Functional Characterization of Variants in MC4R Gene Promoter Region Found in Obese Children Karen Mei Ling Tan, Shu Qin Delicia Ooi, Siong Gim Ong, Charmaine Shuyi Kwan, Raymond Ming En Chan, Larry Kok Seng Poh, Jedeane Mendoza, Chew Kiat Heng, Kah Yin Loke, and Yung Seng Lee The Journal of Clinical Endocrinology & Metabolism 2014 99:5, E931-E935
Mutations in the MC4R gene are the most common cause of monogenic obesity, and there are few studies on mutations in the promoter region.
The objective of the study was to sequence the promoter region of the MC4R gene in a cohort of obese children to identify rare variants.
DESIGN, SETTING, AND PATIENTS:
A region 1500 bp upstream of the MC4R gene was sequenced in 267 unrelated local children younger than 10 years, with body weight of at least 150% of ideal. An 891-bp upstream region of the MC4R gene was cloned into a luciferase reporter vector for reporter gene assays.
There were no interventions.
MAIN OUTCOME MEASURES:
The basal transcriptional activity of the MC4R promoter was analyzed in human embryonic kidney 293 cells using reporter gene assays.
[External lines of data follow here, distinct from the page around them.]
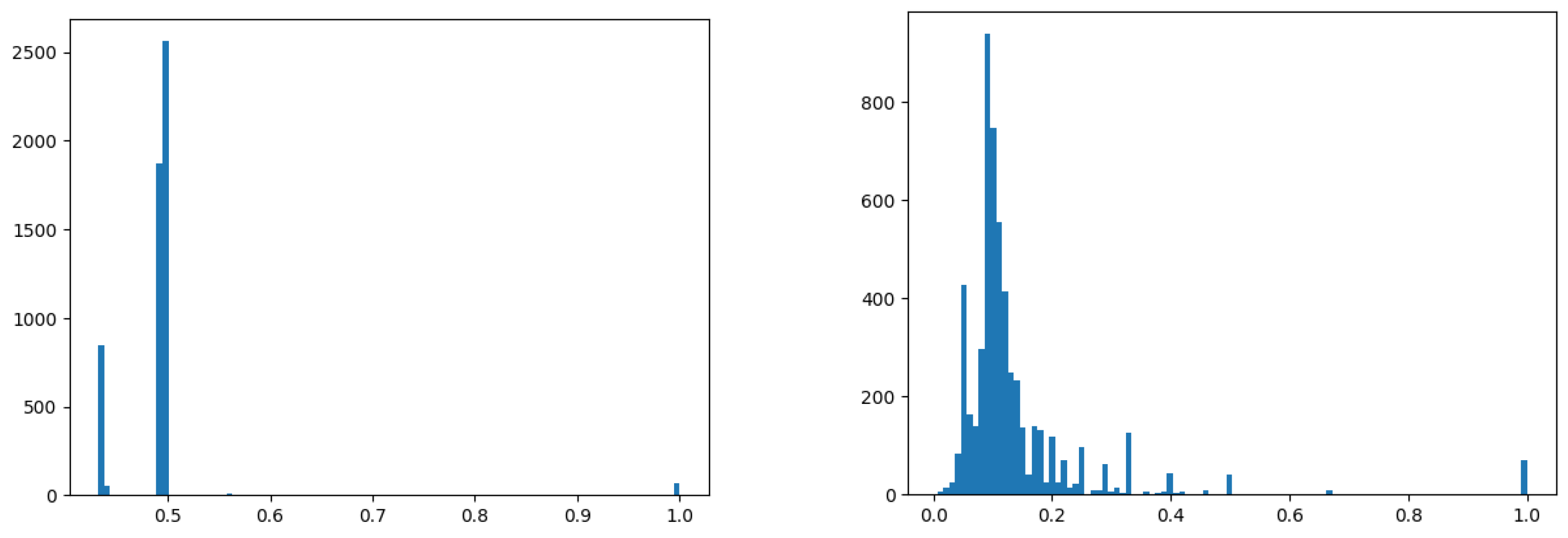 Preprints 115234 g003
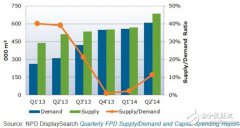 大屏幕智能手机成潮流，AMOLED面板或供不应求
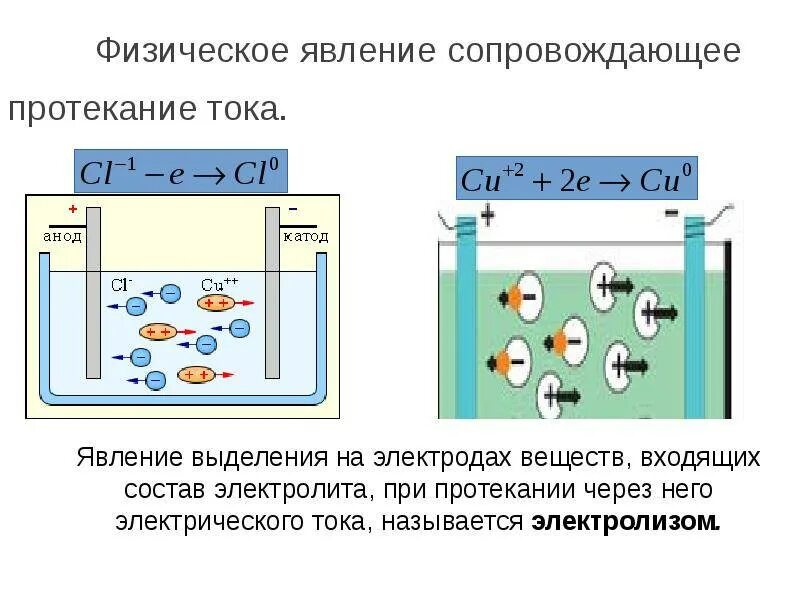 При пропускании постоянного электрического тока через провод. Электролиз принцип схема. Электролиз схема физика. Схемы электролизов расплавов и растворов электролитов.. Электролиз растворов и расплавов.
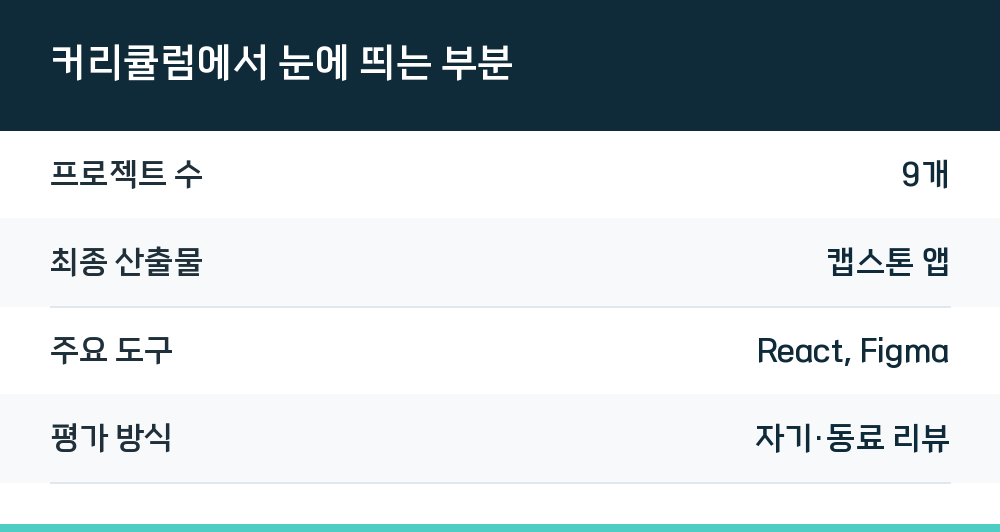 커리큘럼에서 눈에 띄는 부분
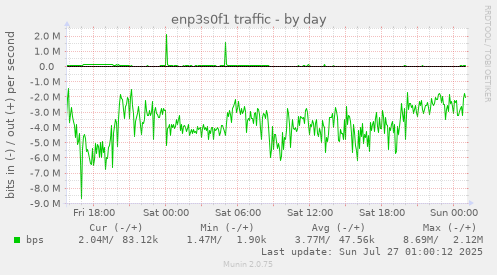 daily graph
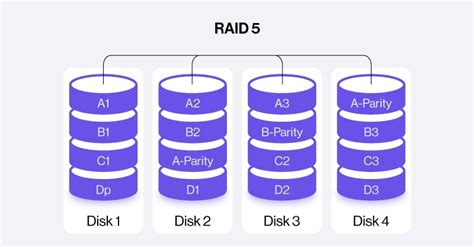 Raid Array Explained 的图像结果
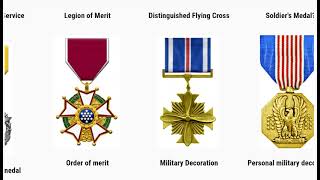 US Military Medals Awards [upl. by Renault]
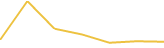 Price Graph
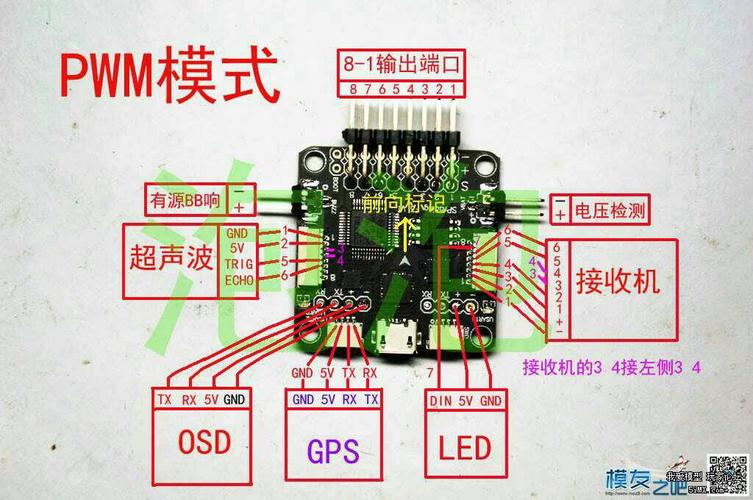 f3飞控标准版接线图（f3飞控指示灯含义）-图1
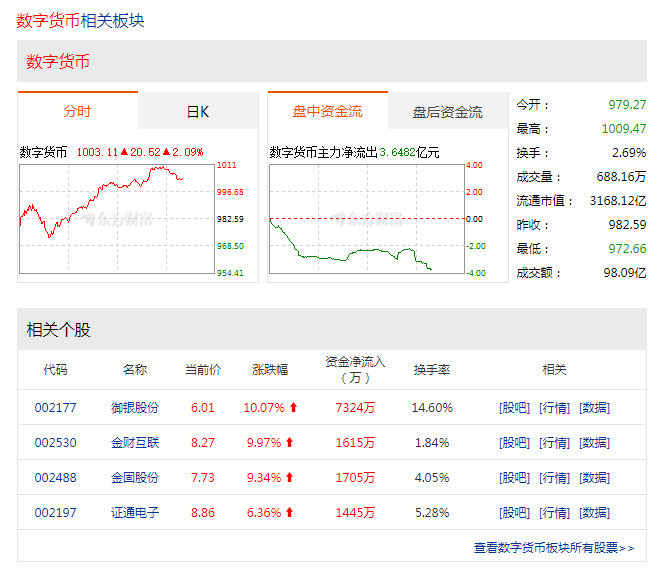 数字货币板块涨幅扩大 御银股份、金财互联涨停_支付_电商之家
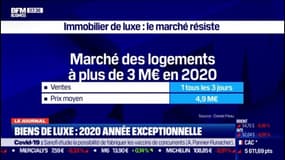 Immo: pour les biens de luxe, 2020 aura été une année exceptionnelle 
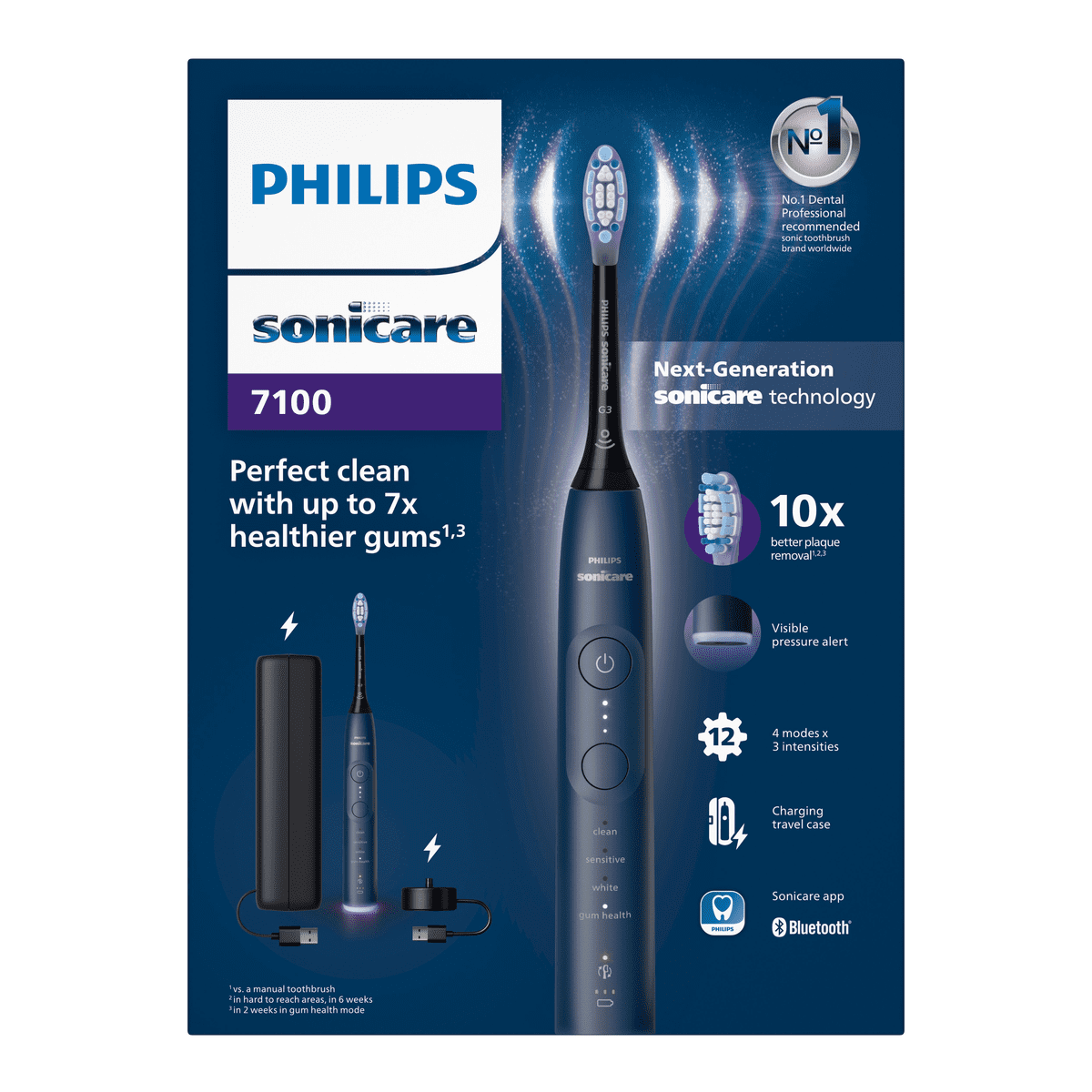 Philips Sonicare 7100 Elektrische Tandenborstel Blauw HX7423/09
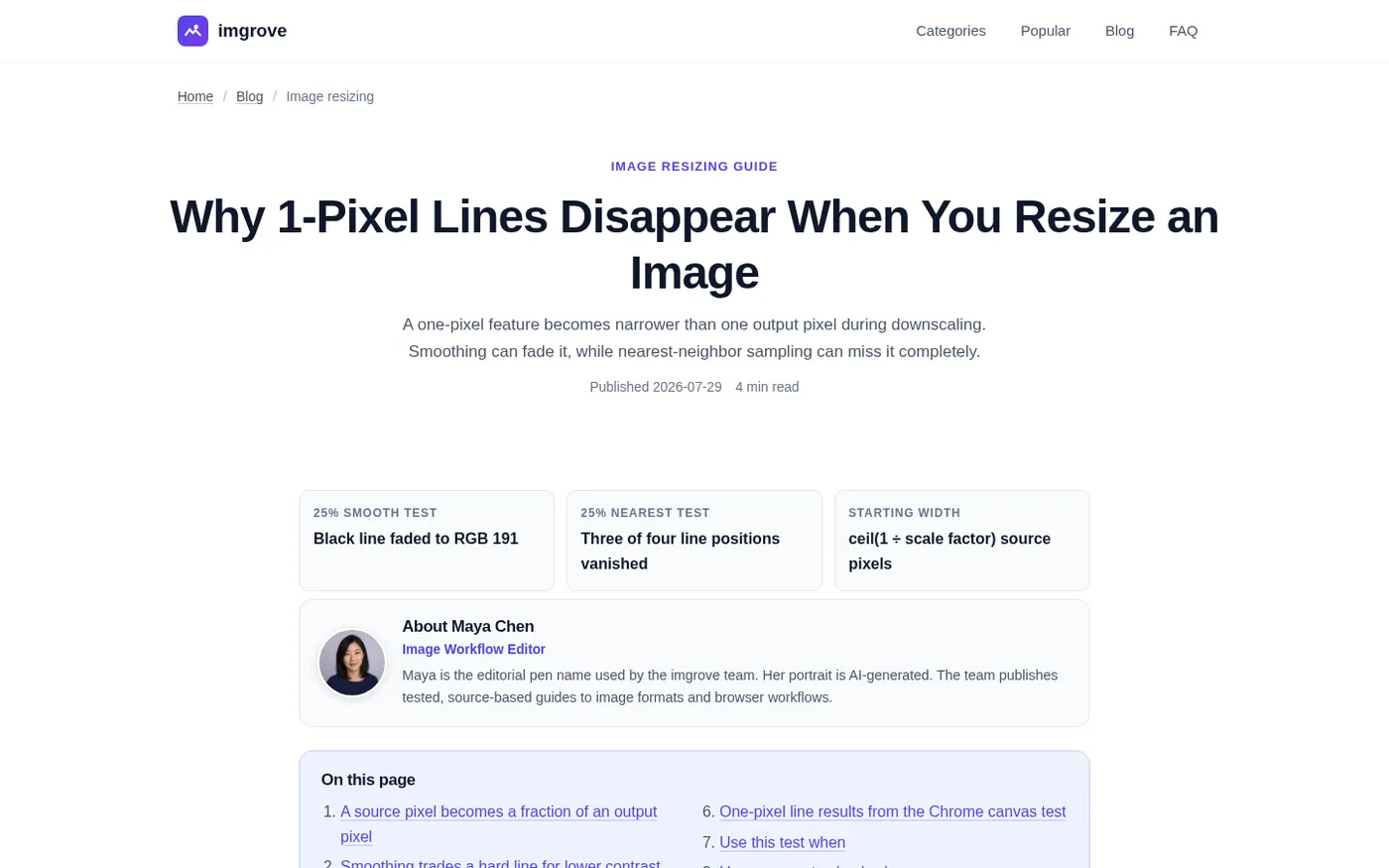 Imgrove — Blog page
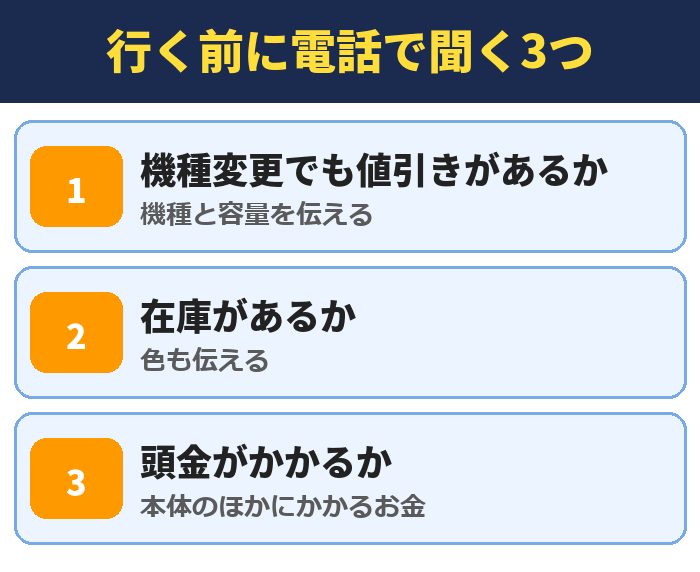 行く前に電話で聞く3つ。機種変更でも値引きがあるか(機種と容量を伝える)、在庫があるか(色も伝える)、頭金がかかるか(本体のほかにかかるお金)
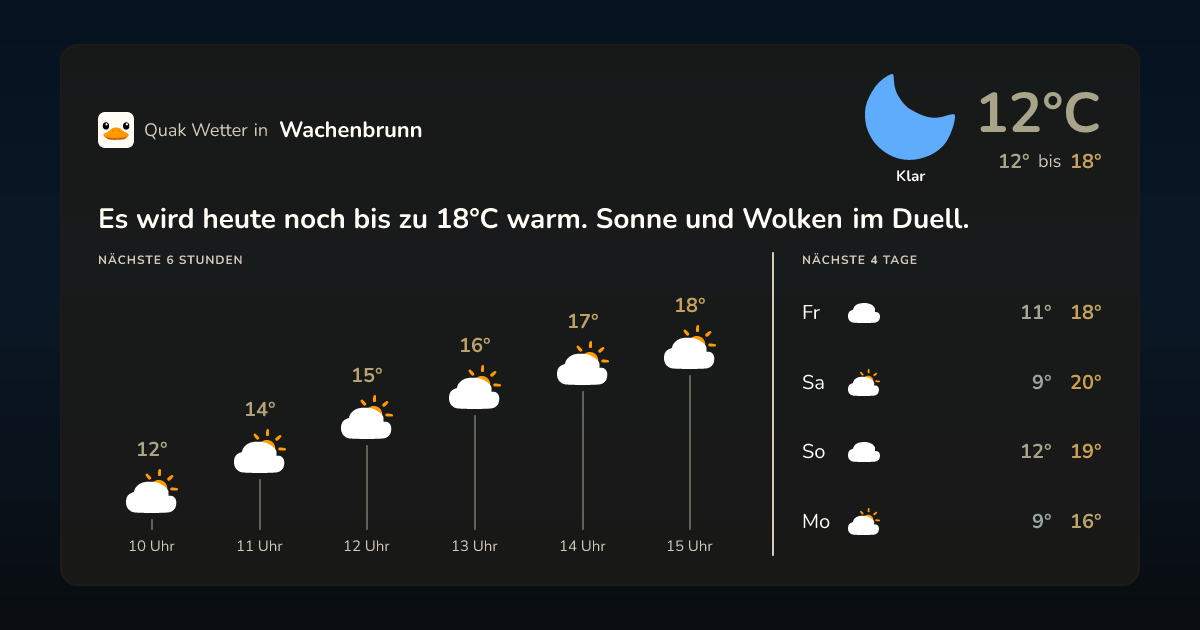 Quak Wetter-Widget Wachenbrunn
Three rare variants were detected: c.-803A>G, c.-105C>G, and c.-216C>T. The novel c.-803A>G variant was found in a 9-year-old severely obese Malay boy. This variant was not found in his severely obese mother but was present in his overweight father, who had type 2 diabetes, and also in his normal-weight brother. The novel c.-105C>G variant was found in an obese 9-year-old Malay boy. The c.-216C>T variant was found in an obese Chinese girl with Down's syndrome. The transcriptional activities of the c.-803A>G and c.-105C>G promoters were significantly reduced compared with the wild type but not the c.-216C>T promoter.
We have described, for the first time, two novel human MC4R gene promoter variants found in obese children that resulted in a decrease in basal transcriptional activity.